Cool jobs

Nobody should be looking for a “cool job” — maybe this is just semantics, but jobs aren’t “cool”. They might be rewarding to varying degrees and offer varying levels of autonomy, but it seems wrong to think about their fashionability (being gainfully employed never goes out of fashion). The Fonzie approach to work seems pretty self-defeating to me. If you are doing something to be cool rather than to simply do whatever it is — making art to seem like a cool artist rather than because you enjoy making art — then you are always at one remove from your own activity, self-alienated. (I doubt both can be done simultaneously; the self-regarding pursuit of cool detracts from the pleasures of pure immersion in a task.) Plus the harder you try to establish your cool, the less cool you are. And the degree to which people think your job is cool is often the degree to which you are being undercompensated for doing it.
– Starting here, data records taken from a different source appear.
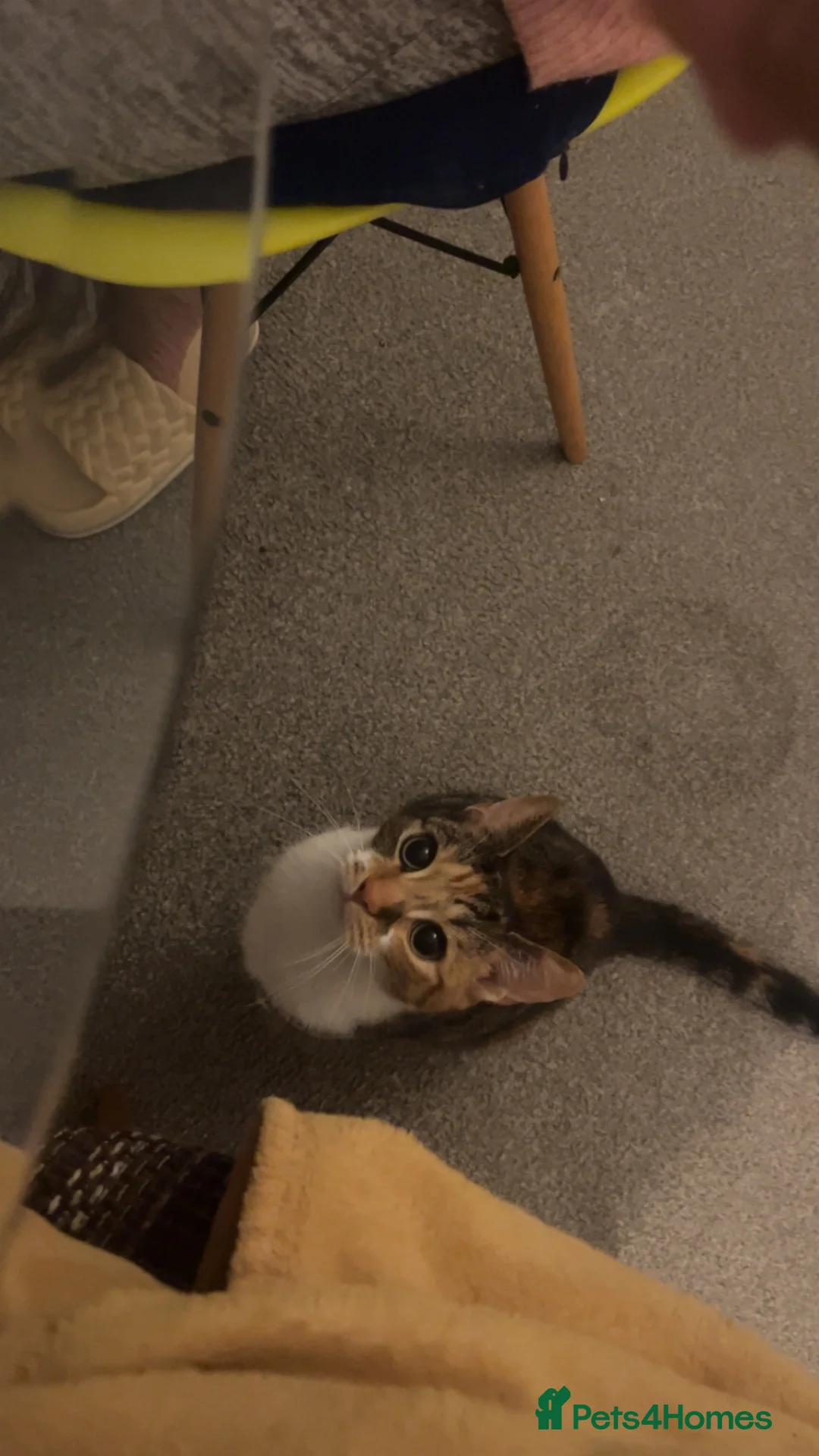 Mixed Breed cats for sale: Inside Female tabby calico cat about 2 and a half. - Advert 7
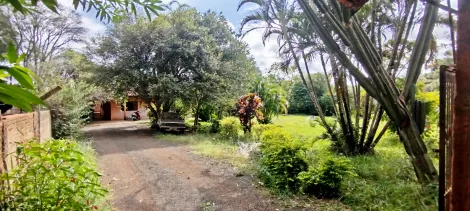 imagem 5 - Chácara à Venda com 5.000m² no Parque Dom Pedro I - em Londrina imagem 5 - Chácara à Venda com 5.000m² no Parque Dom Pedro I - em Londrina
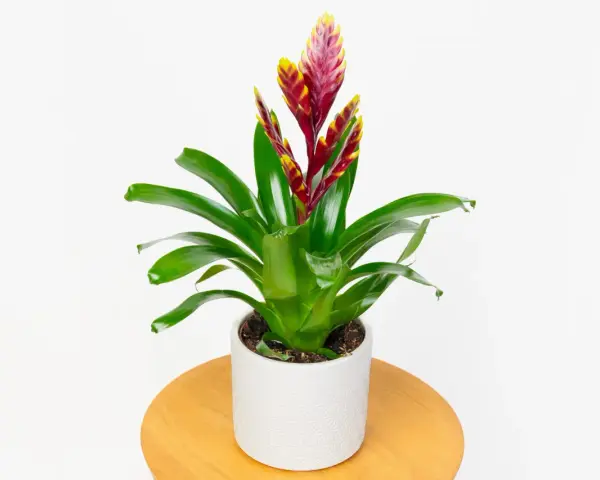 Zielona bromelia z czerwono-żółtym kwiatostanem w białej doniczce. Urocze małe kwiaty doniczkowe dodają koloru wnętrzu.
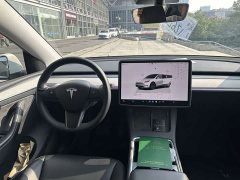 Tesla Model Y Rear-Wheel Drive - ფოტო 10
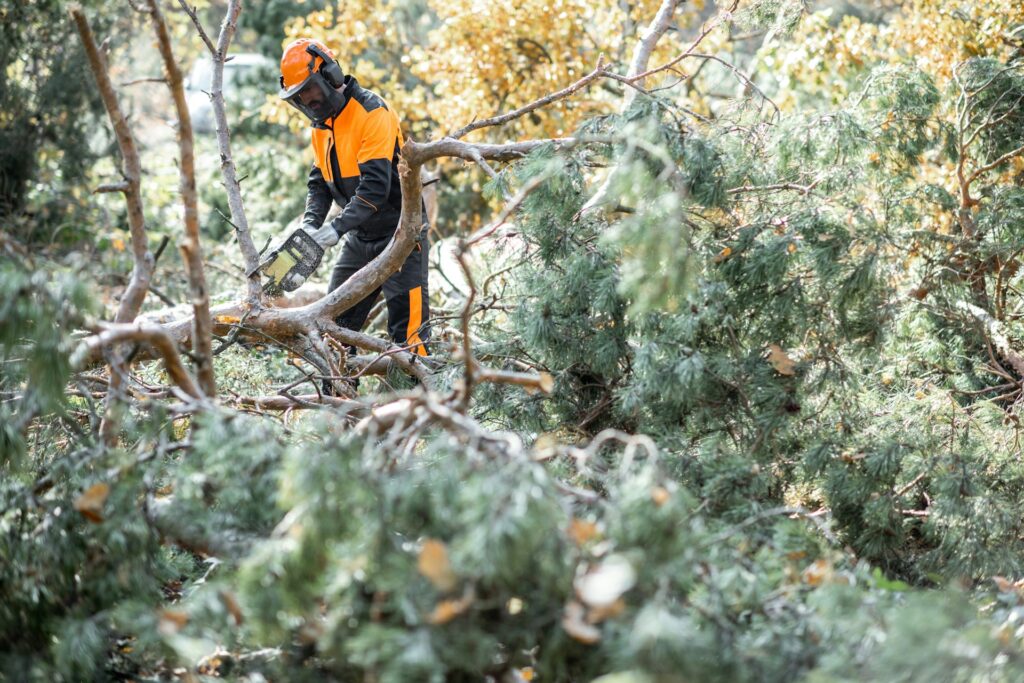 professional arborist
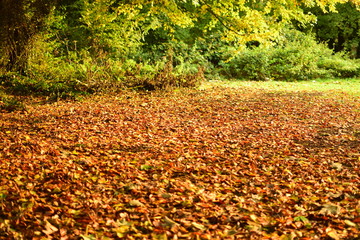 autumn leaves in the park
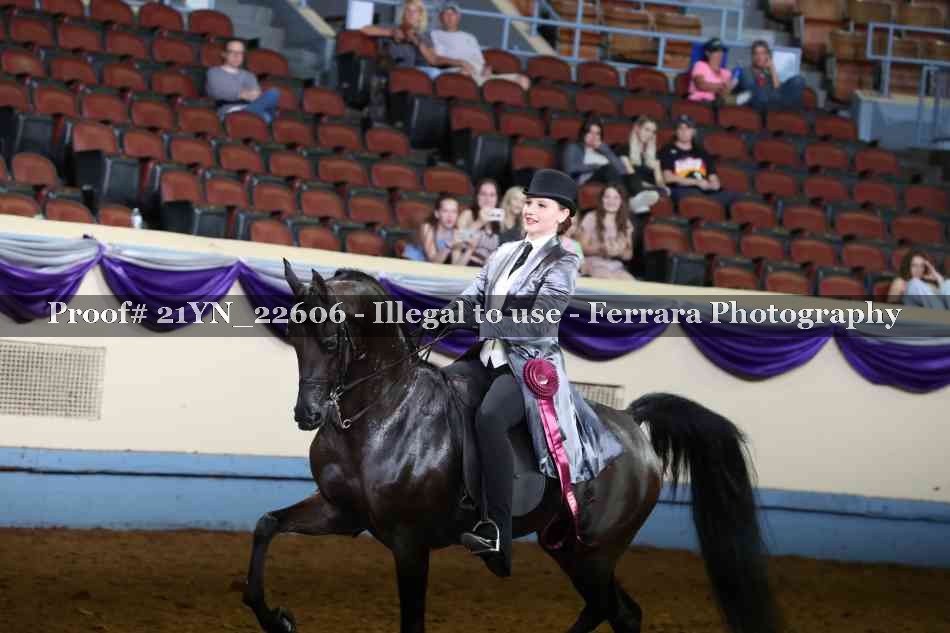 Proof 21YN_22606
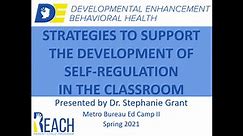 Metro Bureau Ed Camp Spring 2022 - PART 1: The Development of Self-Regulation in a Classroom Setting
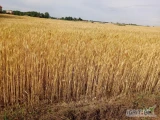 Witam sprzedam słomę pszenną z 14 ha ładny towar 180 zł za tonę do sprasowania. Lokalizacja Gm Lubraniec 87-890 -Topólka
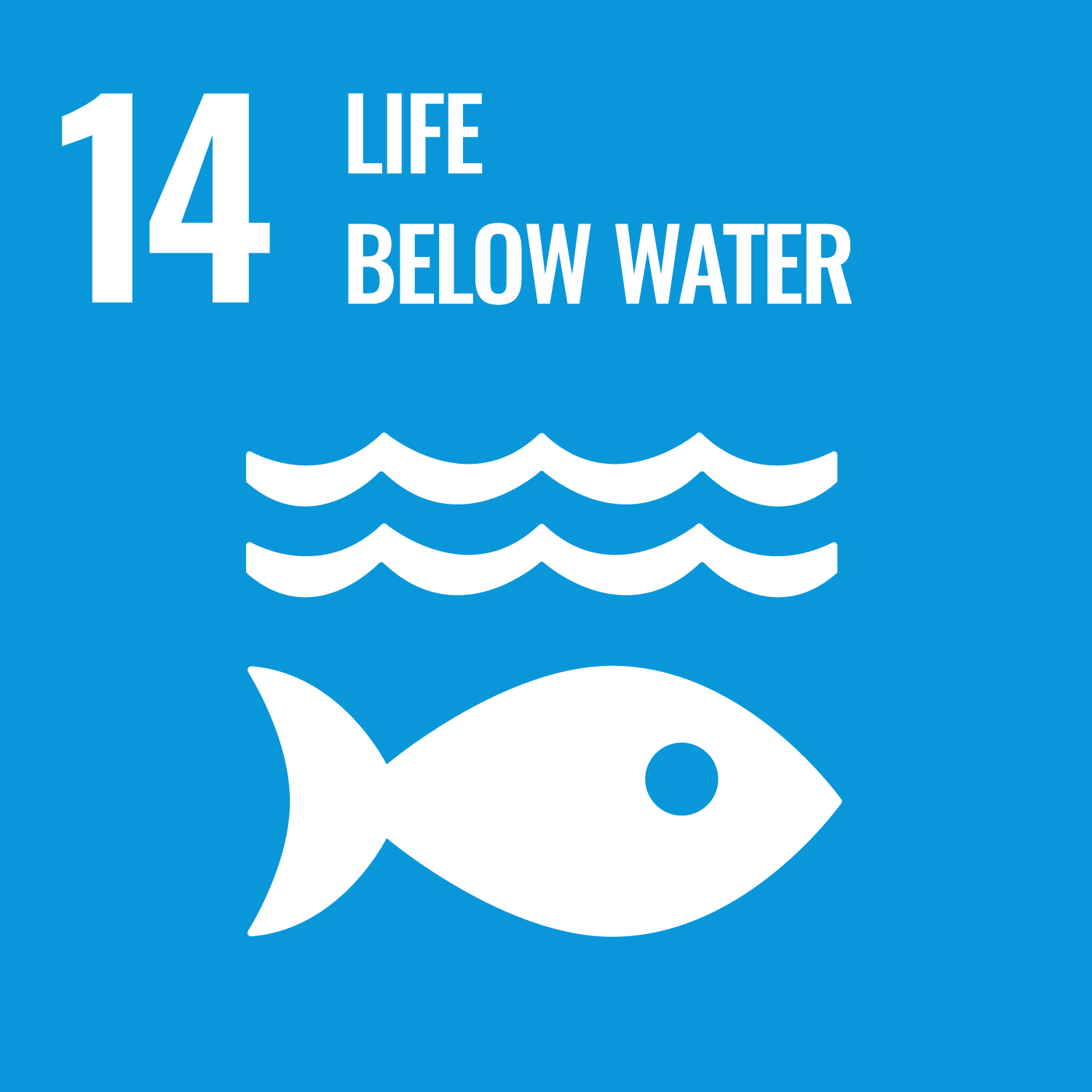 SDG 15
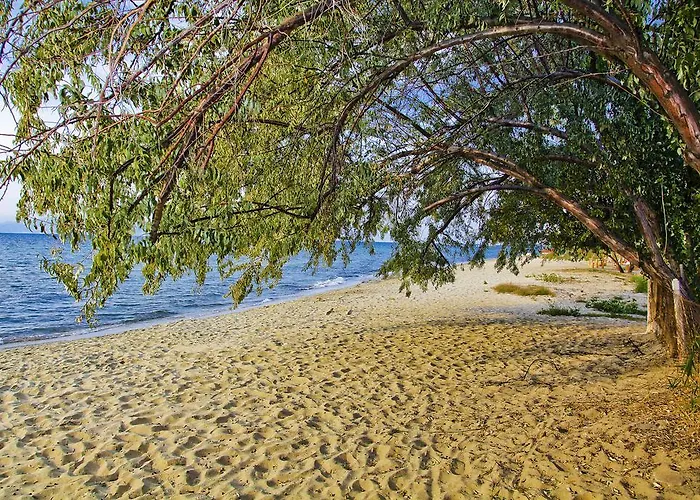 Stella Ξενοδοχείο Σκάλα Ραχωνίου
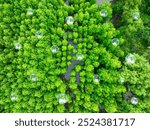 Aerial view green mangrove forest. Natural carbon sinks. Mangroves trees capture CO2. Blue carbon ecosystems. Mangroves absorb carbon dioxide emissions and mitigating global warming. Green ecosystem.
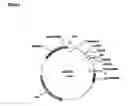 Fig. 02 - Kinase sequences useful for developing compounds for the prevention and/or treatment of metabolic diseases and nucleotide sequences encoding such kinase sequences
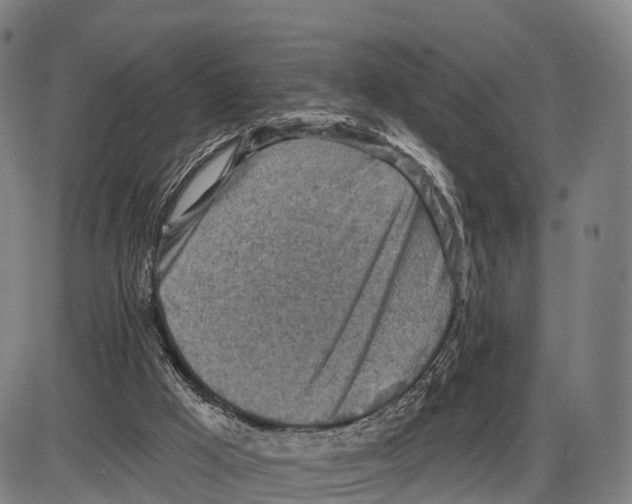 X0000083980009200703161609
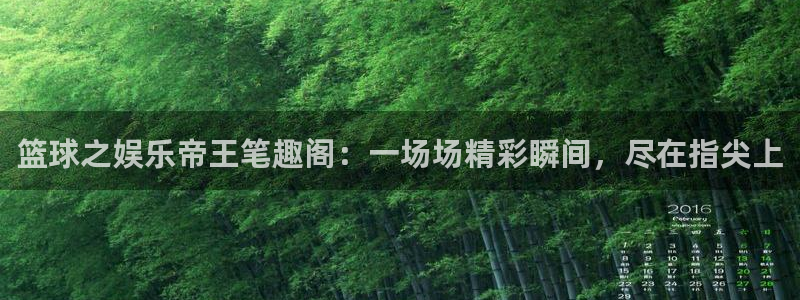 壹号平台下载安装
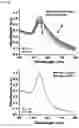 Fig. 06 - METHOD FOR MEASURING FIBRINOGEN CONCENTRATION IN BLOOD SAMPLE AND NANOPARTICLES FOR SAME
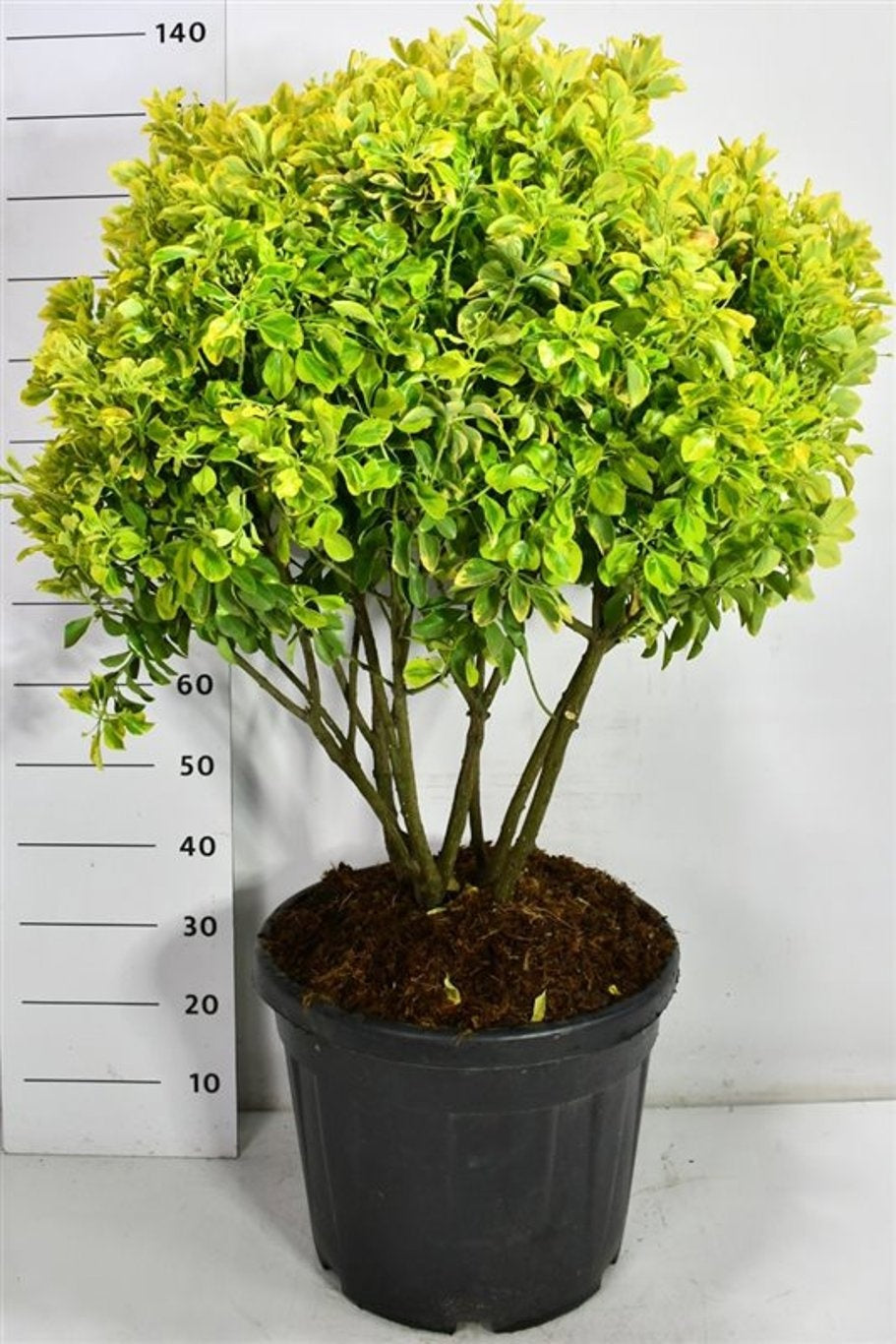 Euonymus Aureus 140cm 48cm Pot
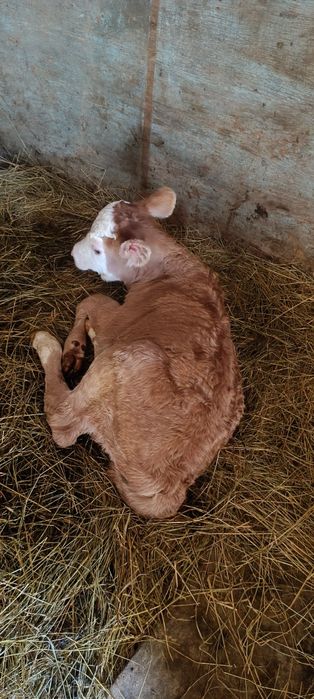 Продам телёнка бычек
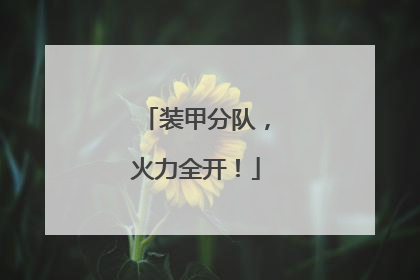 装甲分队，火力全开！
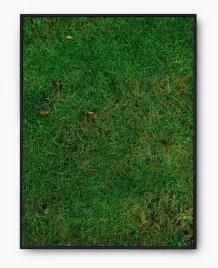 plakat-a4-21x30-w-ramie-imp-trawa-29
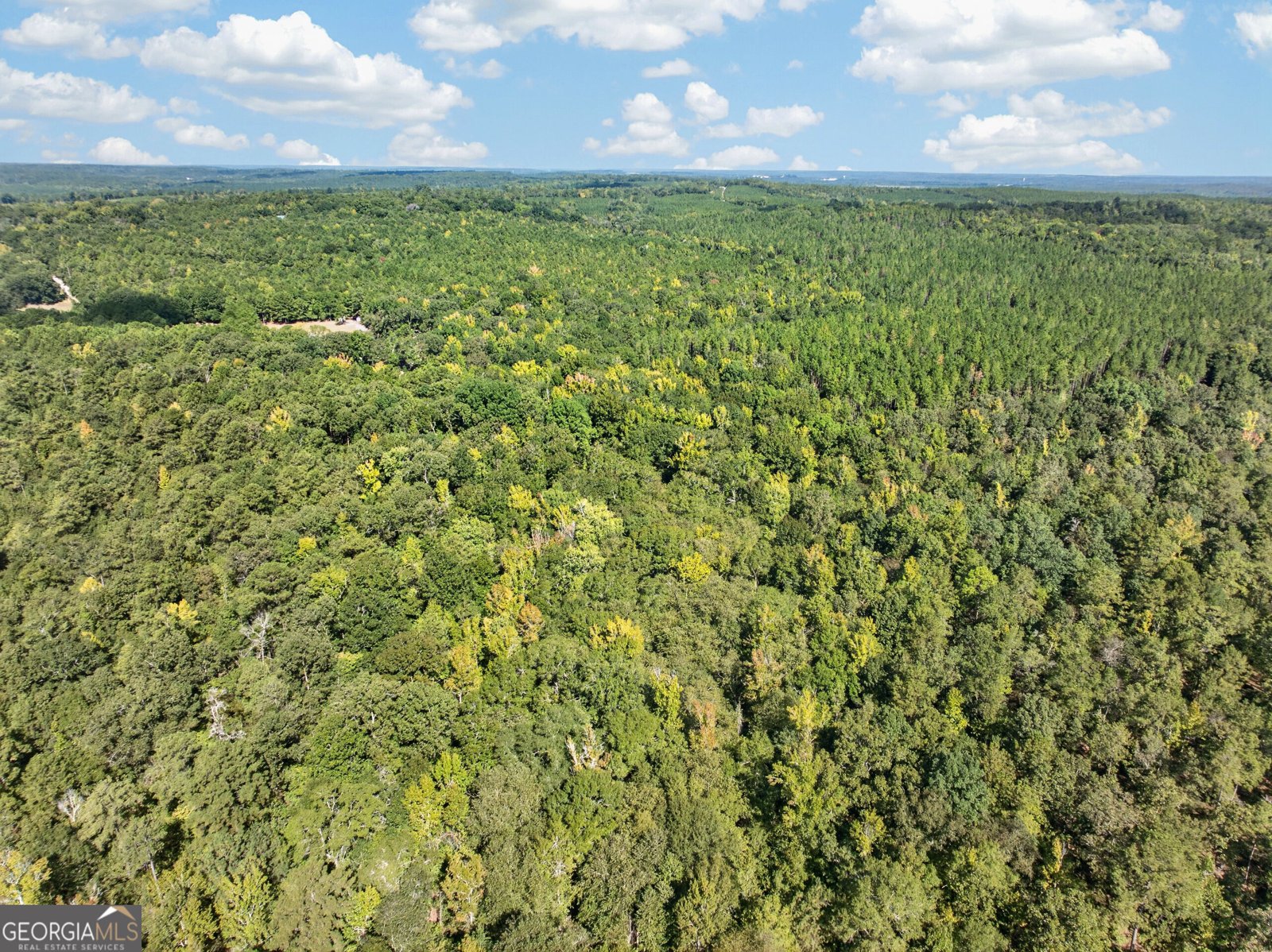881 King Road Gordon - Photo 33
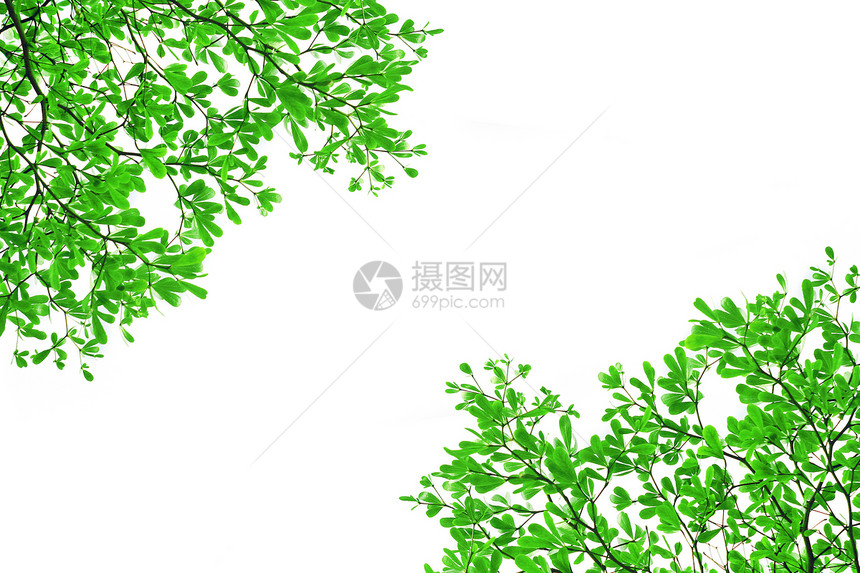 绿叶叶草地腐蚀树干叶子古董框架环境木材植物群绿色图片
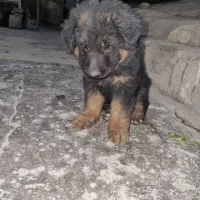 سگ ژرمن|سگ|ایذه, |دیوار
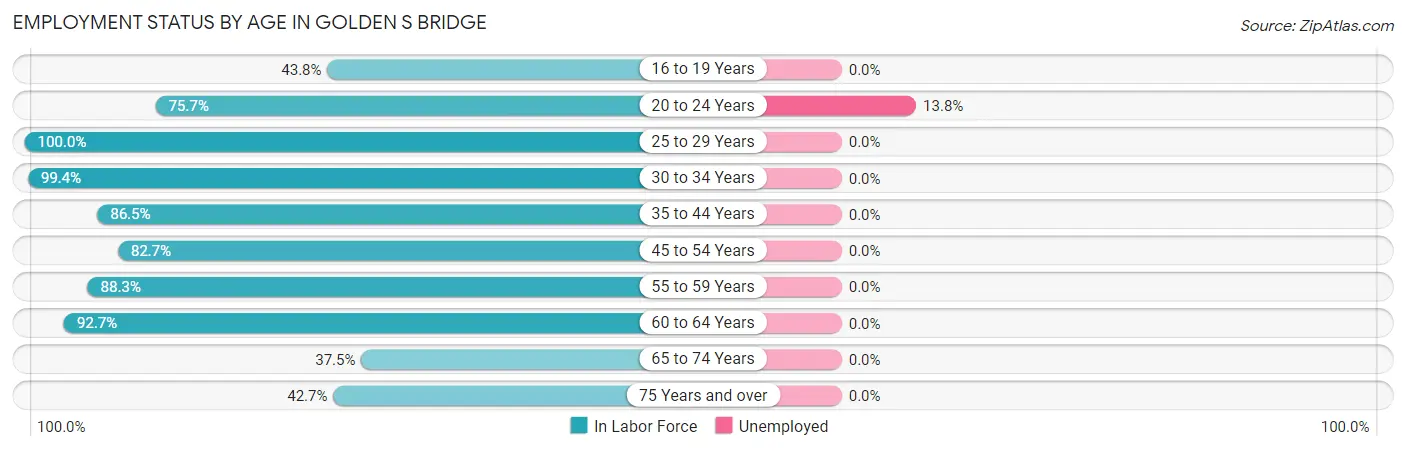 Employment Status by Age in Golden s Bridge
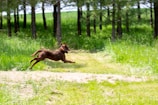 A happy Gordon Setter running through a lush green forest trail.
A cool job is usually a matter of someone else insisting how cool it is to be associated with some company or industry, while you slog through the same administrative or managerial tasks you’d do at any job. You end up getting paid in cool instead of cold hard cash, and I know which currency I’d prefer. (No amount of cool is going to pay my electric bill when I’m 64.) Better to never let “cool” come into your thinking and just try to find ways to get paid for doing things you like to do.

Of course that might be what you think of when you hear “cool” — I just hate to let it stand as a synomym for satisfying or interesting as the following writers do. Nevertheless, via Jane Galt comes some good job-seeking advice from Timothy Burke that readers — particularly those pursuing liberal arts degrees in hope of landing cool jobs — may find useful.

The bad news, and I’m not sure liberal arts institutions are always as forthright about saying this as they could be to their current undergraduates, is that the significant majority of immediately post-graduate employment experiences are going to suck. Dilbert’s office would be an improvement over quite a few of the ones I’ve heard about. I think my favorite job experience I’ve heard about in the last six years was the non-profit community group that paid $15,000 a year for a 55/hr week with no benefits or vacation time and was run by a near-psychotic incompetent. But there’s lots like that to go around. I do think we promise payoffs in the longer term from “critical thinking” and the like, so any student who’s listening carefully probably understands the implicit point being made when that’s said.

Thinking about people I know with Cool Jobs who are not academics, broadly speaking I can identify a couple of ways that they got there.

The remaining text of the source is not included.